Having made several radio hits myself, I don't have issue with one or two songs being built strictly for the club. Good music is made to party. But while you are in the booth, be mindful that real people's lives don't just play out in the club. There are also real life issues that need to be addressed and worked out. One of the best ways to confront a problem is to find others who identify with it as well. There is nothing more liberating than when you understand your music and your music understands you. There is a relationship between soul music and people who got "soul." It's the reason why we rock to "I'm Black and I'm Proud," and it had nothing to do with "swagger." It had to do with our music helping us get over oppression.

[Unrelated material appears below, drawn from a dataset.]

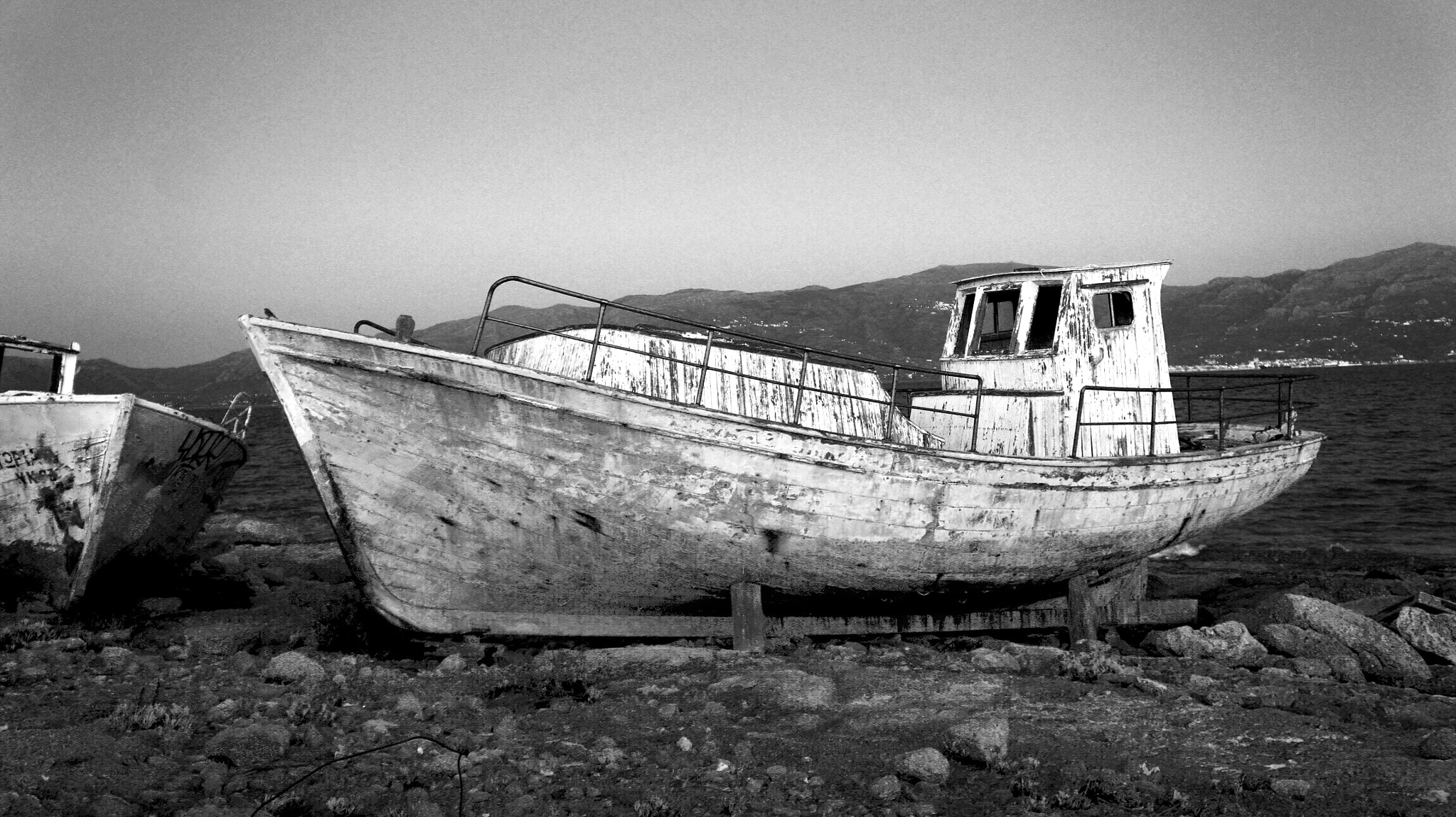 Sony Alpha NEX-5 + Tamron 18-200mm F3.5-6.3 Di III VC sample photo. White boat.... photography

Music is organized noise. It can be organized properly or poorly. While in Boston, I spent time talking to the newest producer signed to the Good Music Family. He simply said "Do the music you'd be proud of." People respect pride in one's craftsmanship. I took great pride in seeing that a group of people was able to take all the noise of violence that had played out on inner city streets and gave it right back properly with a sound that said "enough!" As I sat with a group of mothers and fathers who have lost their children to violence, I watched as they took a stand through the art of music. Each family, all part of the "What Is Beautiful Never Dies" project (which took root from the Anonymous Boston Project) have began to make music that heals and moves.
True to my word (and the loyalty of brotherhood), I took the trip to MCI Norfolk Correctional Facility to visit DJ 3rd Eye a.k.a. Darrell Jones, who spearheaded the "What Is Beautiful Never Dies" project. I realized that I had to do more than support this movement; I had to be in it. Taking my proper place, I was welcomed into the booth to make music that matters for those that need to heal on all levels. Both victims and the victimizes have to face the music on this one. The results spoke for themselves. With the two songs I helped to lay out with DJ 3rd Eye, and many other New England artists at Surefire Studios, those results are alive and well in the song "What Is Beautiful Never Dies" and the incredible composition called "I Can Hear You."
There is a reason everyone has a favorite song and it stems from the fact that we all have the Sound of Life in us that needs to be heard. I enjoyed my trip, and I am bringing the movement back home so we all can feel it. If you don't know now you know. It has further re-enforced my belief that I not only had to be part of the label, but that I have a responsibility to create great music... so do you!